A lot of times I like to screen record my digital painting process so that way I can look back at it myself and also share my process with others in hopes that it'll help. I usually only record speedpaintings because that's only an hour or 2 of video, but sometimes I'll record full illustrations.

This piece is of the character Haunt, created by Todd McFarlane. He was holding a contest for Haunt and the winner would get published in an issue of the comic. I was lucky enough to make the top 15 semi finalists along with my friend Danny Morales, but we were both unable to make finals and get published. Either way I had a lot of fun doing this piece.

The reason I recorded this was because I wanted to show how I can paint something semi-realistic, without a "real" reference of this character. There's no Haunt movie or any realistic depictions of Haunt online so I had to improvise.

First of all, realism in art is ALWAYS based on the way light effects something. The better you can understand light, the more real you can make anything look. For example, look at any Pixar movie. They take cartoony designs and bring them into a 3D world with advanced lighting that makes the characters real and believable.

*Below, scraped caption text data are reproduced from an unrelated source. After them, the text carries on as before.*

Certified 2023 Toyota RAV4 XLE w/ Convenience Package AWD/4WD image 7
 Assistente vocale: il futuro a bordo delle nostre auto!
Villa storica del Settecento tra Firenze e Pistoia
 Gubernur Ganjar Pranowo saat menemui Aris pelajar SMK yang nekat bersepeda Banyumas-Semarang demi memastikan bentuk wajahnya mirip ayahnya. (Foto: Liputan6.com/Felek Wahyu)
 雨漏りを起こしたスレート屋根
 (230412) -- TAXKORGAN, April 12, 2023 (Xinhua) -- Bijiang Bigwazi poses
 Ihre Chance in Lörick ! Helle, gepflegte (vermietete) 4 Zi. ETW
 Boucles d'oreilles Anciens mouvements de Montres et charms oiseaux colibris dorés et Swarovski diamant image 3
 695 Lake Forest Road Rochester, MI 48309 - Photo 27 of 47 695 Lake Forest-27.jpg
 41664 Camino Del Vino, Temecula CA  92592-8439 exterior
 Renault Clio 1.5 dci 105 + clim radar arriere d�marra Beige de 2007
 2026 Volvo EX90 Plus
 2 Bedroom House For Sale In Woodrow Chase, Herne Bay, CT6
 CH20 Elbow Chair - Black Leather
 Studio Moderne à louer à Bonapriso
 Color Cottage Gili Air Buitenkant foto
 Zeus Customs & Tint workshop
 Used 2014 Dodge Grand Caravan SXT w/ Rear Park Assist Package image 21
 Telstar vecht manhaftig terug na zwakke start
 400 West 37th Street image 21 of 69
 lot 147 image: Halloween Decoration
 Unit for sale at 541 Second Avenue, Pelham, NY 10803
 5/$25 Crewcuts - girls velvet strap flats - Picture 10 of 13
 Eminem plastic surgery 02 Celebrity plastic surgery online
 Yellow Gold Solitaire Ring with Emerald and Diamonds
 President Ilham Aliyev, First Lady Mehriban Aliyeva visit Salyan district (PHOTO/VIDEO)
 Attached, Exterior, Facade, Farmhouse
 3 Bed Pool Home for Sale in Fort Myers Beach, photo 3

Secondly, different textures are effected differently by lighting. This is a common mistake I see all the time. People will light metal the same way they light cloth, the same way they light leather. For this piece, before I even started I had to think about what this character is made of. I came to the conclusion that all the white parts of his costume were made of rubbery, slimy, bone matter. I came up with "liquid bone" as a way to describe it. I wanted it to look like it's strong enough to protect him, but fluid enough to morph and change and wrap around him organically. To make this texture believable, I couldn't paint it the same as I painted his skin. Because his skin is not slimy or gross. If I painted his whole body like his skin, he'd look like a dull 3D model with simple lighting and no rendering or textures. So I studied slimy, shiny gross objects. You've got to do paint studies of textures you're going to use, because this way you can get an understanding of how it works with light before you go into your painting.

So really, realism "from your head" is as simple as understanding light, and how surfaces are lit. To get better at this just takes painting different textures/lighting scenarios from life. Trying to get the colors right and light the different textured surfaces right.